I’m not sure if the “bundle all packages” is a neat solution. That causes bloat and bug fixes etc. get harder.
One option R should consider is to provide a code translator. Something I can run on legacy code that will transform tricky parts to the new standard automagically.
What you are describing is a fundamental difficulty of software development. Imagine if you had to ensure that stan code written today would function identically with stan version 12.1 ten years from now. Your dev team would kill you. That said, there are much better ways of handling versioning and dependency that would alleviate some of the frustration. see http://arxiv.org/pdf/1303.2140.pdf for one set of proposals.
Hard to know without a reproducible example, but you probably want check.names = FALSE.

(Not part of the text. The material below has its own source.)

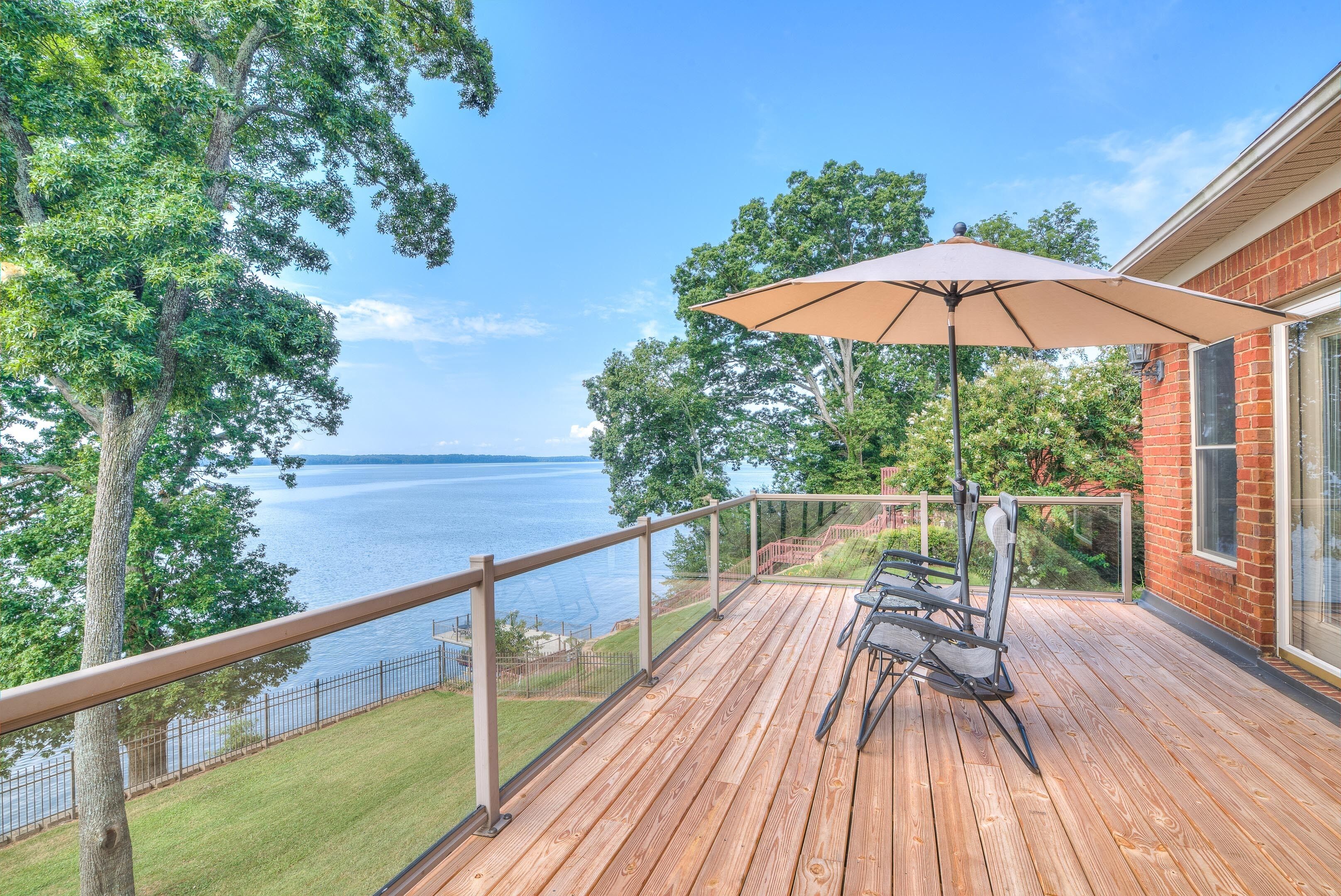 Leisure Time Lake House with Large Boat Dock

I think your code must be a wee bit older than 5 years. If I understood the problem correctly, your file had variable names with underscores (e.g., co_fipsid). In R = 1.9.0, underscores in names are valid, so mangling no longer takes place. Current R is preserving the original variable names, which is a feature that everyone wants.
I’m sorry that this breaks your code, but I have to point out that R 1.9.0 was released in April 2004, which would make your code more like 10 years old. This is frankly too old for you to be justified in the use of such inflammatory language when it doesn’t work.
Martyn:
No, it really was 5-year-old code.
Could you have been still using R 1.9.0 in 2004?? Maybe on some old out-of-the-way machine? It would take considerable archaeology to prove it, but it seems though Martyn is probably right about the timing of the change …
from svn log base/R/character.R :
r30004 | ripley | 2004-06-24 05:13:12 -0400 (Thu, 24 Jun 2004) | 5 lines
1) data.frame(check.names=TRUE) enforces unique names
2) make.names has a new arg allow_
3) remove USE_UNDERSCORE_IN_NAMES
4) attempt to warn if newdata is not used in prediction, and document better
r27076 | ripley | 2003-11-15 05:40:36 -0500 (Sat, 15 Nov 2003) | 3 lines
prepare to allow _ in names
move detection of keywords in make.names to C code
oops, I mean “still using 1.9.0 in 2008”
More detail:
https://github.com/wch/r-source/commit/136d7a08f1847bfdf17ccc36d8b139d68ffb11d7#src/library/base/R/character.R
The worst backwards-compatibility problem I’ve encountered with R is reading in a saved workspace. If you are missing a critical package that’s used by something in the image, it won’t load. You’re stuck as far as I can tell. (At least in base R.)
This invariably bites me when a new version of R comes out and I jump to it a bit too soon (before some obscure package I can’t remember using is updated).
CamelCaseCanBeUseful
CamelCase GivesMeAHeadAche!
coming from “real” coding languages, of the C lineage in particular, the use of ‘.’ as anonymous character remains irritating, particularly as R adopts the cloak of OO semantics/syntax. the ‘.’ is the member identifier. period.
Pingback: Michael Crotty
I would love to read this comment but the link http://sww.sas.com/blogs/microt/index.php?/archives/52-The-importance-of-scripting-compatibility.html seems to be broken. Has anyone been able to find it?